- Exercise instructions -
Given the listing below, write out exactly the lines starting with the line that has "Snowflake Necklace –" and going on through the line that has "Simpson Strong-Tie HUS26Z", both kept.

- Raw data -
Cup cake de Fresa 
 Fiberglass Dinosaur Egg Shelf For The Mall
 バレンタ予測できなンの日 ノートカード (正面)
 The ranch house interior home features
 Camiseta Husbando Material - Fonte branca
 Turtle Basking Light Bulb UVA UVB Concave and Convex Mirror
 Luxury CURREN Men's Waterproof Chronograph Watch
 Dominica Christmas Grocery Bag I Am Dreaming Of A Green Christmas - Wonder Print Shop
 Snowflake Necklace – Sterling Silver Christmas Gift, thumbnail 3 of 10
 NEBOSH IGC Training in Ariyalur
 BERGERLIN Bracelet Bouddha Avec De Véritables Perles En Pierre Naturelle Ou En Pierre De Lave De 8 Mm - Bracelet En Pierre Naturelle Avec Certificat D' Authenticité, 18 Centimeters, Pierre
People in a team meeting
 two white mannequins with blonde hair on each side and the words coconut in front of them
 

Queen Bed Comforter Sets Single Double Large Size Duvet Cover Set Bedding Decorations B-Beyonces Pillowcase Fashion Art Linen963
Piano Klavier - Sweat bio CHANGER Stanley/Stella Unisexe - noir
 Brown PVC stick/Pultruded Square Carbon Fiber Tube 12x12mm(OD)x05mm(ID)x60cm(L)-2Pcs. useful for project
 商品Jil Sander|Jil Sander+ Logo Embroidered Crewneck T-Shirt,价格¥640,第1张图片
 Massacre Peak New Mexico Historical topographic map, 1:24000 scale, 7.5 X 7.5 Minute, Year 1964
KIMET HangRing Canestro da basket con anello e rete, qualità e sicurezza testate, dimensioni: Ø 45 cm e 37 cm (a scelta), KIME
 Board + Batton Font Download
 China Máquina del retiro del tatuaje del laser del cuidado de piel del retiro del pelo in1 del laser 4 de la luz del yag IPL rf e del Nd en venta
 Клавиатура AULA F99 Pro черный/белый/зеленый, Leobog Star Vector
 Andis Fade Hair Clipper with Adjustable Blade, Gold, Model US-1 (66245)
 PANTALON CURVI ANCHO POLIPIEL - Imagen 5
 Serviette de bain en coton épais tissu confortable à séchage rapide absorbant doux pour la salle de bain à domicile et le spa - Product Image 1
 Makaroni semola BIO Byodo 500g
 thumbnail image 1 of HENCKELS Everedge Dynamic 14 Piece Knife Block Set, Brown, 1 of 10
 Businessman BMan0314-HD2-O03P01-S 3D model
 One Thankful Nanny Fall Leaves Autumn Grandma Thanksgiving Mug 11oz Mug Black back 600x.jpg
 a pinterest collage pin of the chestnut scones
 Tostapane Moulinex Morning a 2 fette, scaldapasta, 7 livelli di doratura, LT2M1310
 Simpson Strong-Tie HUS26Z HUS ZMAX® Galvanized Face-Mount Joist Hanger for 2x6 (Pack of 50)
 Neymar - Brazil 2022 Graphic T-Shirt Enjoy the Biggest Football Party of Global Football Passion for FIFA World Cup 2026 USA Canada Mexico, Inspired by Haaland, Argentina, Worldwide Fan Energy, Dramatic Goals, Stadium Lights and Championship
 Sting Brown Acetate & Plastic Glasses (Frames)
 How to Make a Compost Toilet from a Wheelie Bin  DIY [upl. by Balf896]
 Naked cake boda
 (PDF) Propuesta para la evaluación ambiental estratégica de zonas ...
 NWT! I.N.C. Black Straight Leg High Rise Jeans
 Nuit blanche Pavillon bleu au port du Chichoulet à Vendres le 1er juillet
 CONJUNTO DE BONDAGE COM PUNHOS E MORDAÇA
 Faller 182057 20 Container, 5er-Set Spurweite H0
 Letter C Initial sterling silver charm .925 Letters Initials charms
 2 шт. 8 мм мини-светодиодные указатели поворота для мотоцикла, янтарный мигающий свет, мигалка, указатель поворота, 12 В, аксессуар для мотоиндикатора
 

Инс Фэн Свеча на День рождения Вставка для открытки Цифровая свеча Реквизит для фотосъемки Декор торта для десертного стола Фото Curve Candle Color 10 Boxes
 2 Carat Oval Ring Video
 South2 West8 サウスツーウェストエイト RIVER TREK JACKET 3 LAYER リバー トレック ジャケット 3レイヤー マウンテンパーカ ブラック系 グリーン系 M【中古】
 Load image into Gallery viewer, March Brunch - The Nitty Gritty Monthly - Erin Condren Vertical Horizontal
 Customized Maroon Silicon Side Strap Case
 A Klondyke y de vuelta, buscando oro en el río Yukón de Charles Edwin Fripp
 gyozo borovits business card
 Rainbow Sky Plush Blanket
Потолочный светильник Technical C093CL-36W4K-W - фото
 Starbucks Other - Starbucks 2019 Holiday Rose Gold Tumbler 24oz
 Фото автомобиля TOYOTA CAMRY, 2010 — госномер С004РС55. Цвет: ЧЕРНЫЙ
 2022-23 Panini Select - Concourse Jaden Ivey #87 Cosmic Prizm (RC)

- Solution to this exercise -
 Snowflake Necklace – Sterling Silver Christmas Gift, thumbnail 3 of 10
 NEBOSH IGC Training in Ariyalur
 BERGERLIN Bracelet Bouddha Avec De Véritables Perles En Pierre Naturelle Ou En Pierre De Lave De 8 Mm - Bracelet En Pierre Naturelle Avec Certificat D' Authenticité, 18 Centimeters, Pierre
People in a team meeting
 two white mannequins with blonde hair on each side and the words coconut in front of them
 

Queen Bed Comforter Sets Single Double Large Size Duvet Cover Set Bedding Decorations B-Beyonces Pillowcase Fashion Art Linen963
Piano Klavier - Sweat bio CHANGER Stanley/Stella Unisexe - noir
 Brown PVC stick/Pultruded Square Carbon Fiber Tube 12x12mm(OD)x05mm(ID)x60cm(L)-2Pcs. useful for project
 商品Jil Sander|Jil Sander+ Logo Embroidered Crewneck T-Shirt,价格¥640,第1张图片
 Massacre Peak New Mexico Historical topographic map, 1:24000 scale, 7.5 X 7.5 Minute, Year 1964
KIMET HangRing Canestro da basket con anello e rete, qualità e sicurezza testate, dimensioni: Ø 45 cm e 37 cm (a scelta), KIME
 Board + Batton Font Download
 China Máquina del retiro del tatuaje del laser del cuidado de piel del retiro del pelo in1 del laser 4 de la luz del yag IPL rf e del Nd en venta
 Клавиатура AULA F99 Pro черный/белый/зеленый, Leobog Star Vector
 Andis Fade Hair Clipper with Adjustable Blade, Gold, Model US-1 (66245)
 PANTALON CURVI ANCHO POLIPIEL - Imagen 5
 Serviette de bain en coton épais tissu confortable à séchage rapide absorbant doux pour la salle de bain à domicile et le spa - Product Image 1
 Makaroni semola BIO Byodo 500g
 thumbnail image 1 of HENCKELS Everedge Dynamic 14 Piece Knife Block Set, Brown, 1 of 10
 Businessman BMan0314-HD2-O03P01-S 3D model
 One Thankful Nanny Fall Leaves Autumn Grandma Thanksgiving Mug 11oz Mug Black back 600x.jpg
 a pinterest collage pin of the chestnut scones
 Tostapane Moulinex Morning a 2 fette, scaldapasta, 7 livelli di doratura, LT2M1310
 Simpson Strong-Tie HUS26Z HUS ZMAX® Galvanized Face-Mount Joist Hanger for 2x6 (Pack of 50)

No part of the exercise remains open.